Sur les conclusions à fin d’injonction :
Eu égard au motif d’annulation retenu, le présent jugement n’implique pas nécessairement la délivrance à l’intéressé d’une carte de résidence valable dix ans, mais seulement que le préfet de Meurthe-et-Moselle, sous réserve d’un changement dans les circonstances de droit ou de fait dans la situation de l’intéressé, délivre à M. B… un titre de séjour portant la mention « vie privée et familiale ». Il y a lieu d’enjoindre au préfet de procéder à cette délivrance dans le délai d’un mois à compter de la notification du présent jugement et dans cette attente, une autorisation provisoire de séjour l’autorisant à travailler.
Sur les frais de l’instance :
M. B… a obtenu le bénéfice de l’aide juridictionnelle totale. Par suite, son avocate peut se prévaloir des dispositions des articles L. 761-1 du code de justice administrative et 37 de la loi du 10 juillet 1991 relative à l’aide juridique. Il y a lieu, dans les circonstances de l’espèce, et sous réserve que Me Lebon-Mamoudy, avocate de M. B…, renonce à percevoir la somme correspondant à la part contributive de l’État au titre de l’aide juridictionnelle, de mettre à la charge de l’État le versement à Me Lebon-Mamoudy d’une somme de 1 200 euros.
D E C I D E :
Article 1er : La décision de la préfète de Meurthe-et-Moselle du 6 décembre 2024 est annulée.
Article 2 : Il est enjoint au préfet de Meurthe-et-Moselle, sous réserve d’un changement dans les circonstances de droit ou de fait, de délivrer à M. B… un titre de séjour portant la mention « vie privée et familiale », dans le délai d’un mois à compter de la notification du présent jugement et, dans cette attente, une autorisation provisoire de séjour l’autorisant à travailler.
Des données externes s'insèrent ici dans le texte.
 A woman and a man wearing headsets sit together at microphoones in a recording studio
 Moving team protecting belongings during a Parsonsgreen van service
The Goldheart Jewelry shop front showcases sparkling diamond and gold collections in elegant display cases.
Article 3 : L’État versera la somme de 1 200 euros à Me Lebon-Mamoudy, en application des dispositions de l’article L. 761-1 du code de justice administrative et de l’article 37 de la loi du 10 juillet 1991 relative à l’aide juridique, sous réserve que celle-ci renonce à percevoir la somme correspondant à la part contributive de l’État au titre de l’aide juridictionnelle.
Article 4 : Le surplus des conclusions de la requête est rejeté.
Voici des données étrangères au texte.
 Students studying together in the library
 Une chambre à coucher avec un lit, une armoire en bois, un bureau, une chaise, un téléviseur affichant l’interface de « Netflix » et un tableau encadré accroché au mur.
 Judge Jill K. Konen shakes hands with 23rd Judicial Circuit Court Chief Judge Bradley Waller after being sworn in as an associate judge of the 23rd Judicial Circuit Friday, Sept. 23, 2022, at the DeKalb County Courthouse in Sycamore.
Article 5 : Le présent jugement sera notifié à M. A… B…, au préfet de Meurthe-et-Moselle et à Me Lebon-Mamoudy.
Délibéré après l’audience du 18 décembre 2025, à laquelle siégeaient :
M. Goujon-Fischer, président,
Mme de Laporte, première conseillère,
Mme Wolff, conseillère.
Rendu public par mise à disposition au greffe le 23 janvier 2026.
La rapporteure,
V. de Laporte
Le président,
J. -F. Goujon-Fischer
Le greffier,
F. Richard
La République mande et ordonne au préfet de Meurthe-et-Moselle, en ce qui le concerne ou à tous commissaires de justice à ce requis en ce qui concerne les voies de droit commun, contre les parties privées, de pourvoir à l’exécution du présent jugement.